Worauf muss ich beim Nähen mit Jersey achten?

Das Nähen von Jersey-Stoffen erfordert einige spezielle Techniken und Überlegungen, da Jersey ein dehnbarer Strickstoff ist. Hier sind einige Tipps, die dir beim Nähen von Jersey helfen können:

  1. Verwende den richtigen Stoff für Dein Nähprojekt: Ein dicker Sweatshirt-Stoff eignet sich nicht für Unterwäsche, ein Viskose-Jersey dagegen nicht für eine strapazierfähige Jogginghose. Such also unbedingt einen geeigneten Stoff aus.
  2. Wasche den Stoff vor dem Zuschneiden: Vor allem Baumwoll-Jersey läuft oft beim ersten Waschen ein, und zwar bis zu 10 Prozent! Da wäre es sehr ärgerlich, wenn Du Dein Kleidungsstück schon zugeschnitten und genäht hast. Das gilt vor allem für figurbetonte Kleidung. Bei einem weiten Shirt mag das Einlaufen vielleicht kaum ins Gewicht fallen.
  3. Nähe unbedingt mit einer passenden Jerseynadel: Du bekommst diese Nadeln für die Nähmaschine in verschiedenen Stärken. Sie haben eine abgerundete Spitze, damit sie den empfindlichen Jersey-Stoff beim Einstechen nicht beschädigen.
  4. Achte auf die richtige Nähmaschineneinstellung: Dehnbare Stoffe nähst Du am besten mit einem Overlockstich oder einem schmalen Zickzackstich. Dadurch ist die Naht auch ein wenig dehnbar. Stell außerdem die Stichlänge ruhig etwas länger ein als bei einem festen Stoff. Dann hast Du weniger Einstiche und damit weniger Möglichkeiten, den empfindlichen Stoff zu beschädigen.
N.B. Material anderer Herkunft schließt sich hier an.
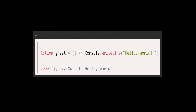And in the third example, we have a Lambda expression with no parameters. This Lambda expression takes no parameters and returns no value — it simply writes a greeting to the console. This kind of Lambda is represented by the Action delegate.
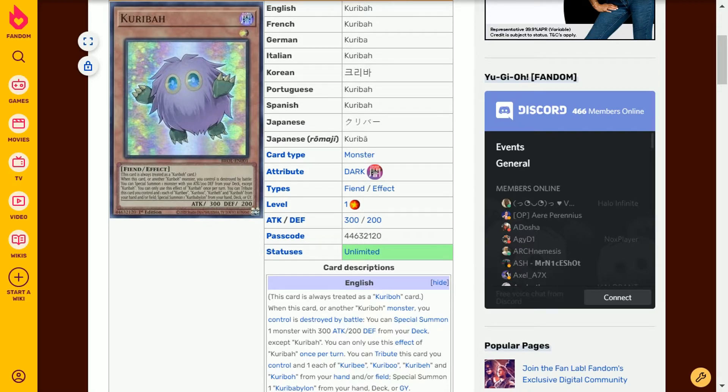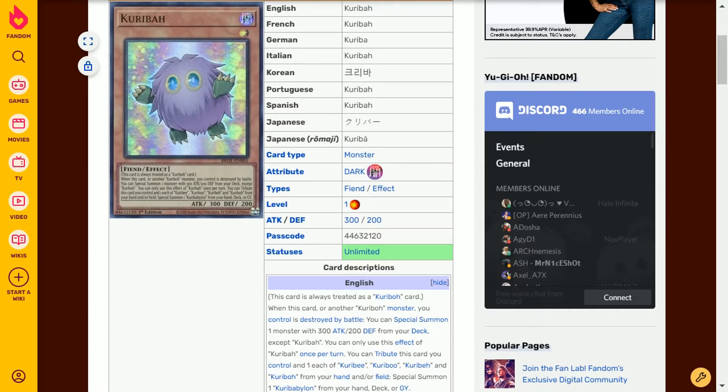We've already covered Karibabalon, so that is a very powerful monster. It does have the ability to strengthen itself. This card is able to replace itself with another one of the Karibo monsters.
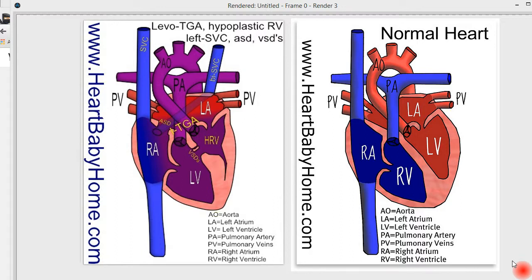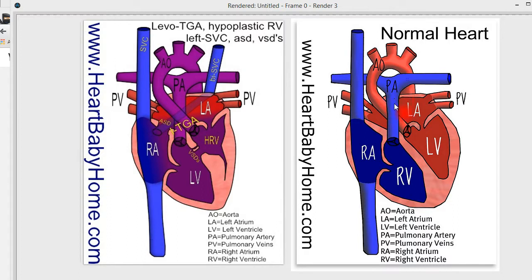The first thing I notice when I look at this heart is that the right ventricle and the left ventricle are switched. That's part of the Levo transposition of the great arteries. The pulmonary artery and the aorta are in the same place as they are in a normal heart, but what's transposed is the ventricles — so the left ventricle is over on the right side of the heart and the right ventricle is over on the left side of the heart.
Hilft eine Overlock-Maschine beim Nähen mit Jersey?

Ja, definitiv. Die Overlock-Maschine ist prädestiniert für das Nähen von dehnbaren Stoffen, denn sie näht und versäubert die Naht in einem Arbeitsschritt. Da sie gleichzeitig auch die überstehende Nahtzugabe abschneidet, bekommst Du eine sehr saubere Naht, die aussieht, als hättest Du das Kleidungsstück gekauft. Aber Du kannst Jersey natürlich auch mit einer ganz normalen Nähmaschine nähen.

Muss ich die Nähte von Jerseystoffen versäubern?

Das kannst Du ganz einfach an einem Rest Deines Jerseys ausprobieren: Ziehe den Stoff etwas auseinander. Ribbeln sich dann einzelne Maschen auf (dann siehst Du eine Laufmasche) oder sogar viele Maschen? Dann solltest Du die Naht versäubern. Lösen sich keine Maschen, dann ist kein Versäubern nötig.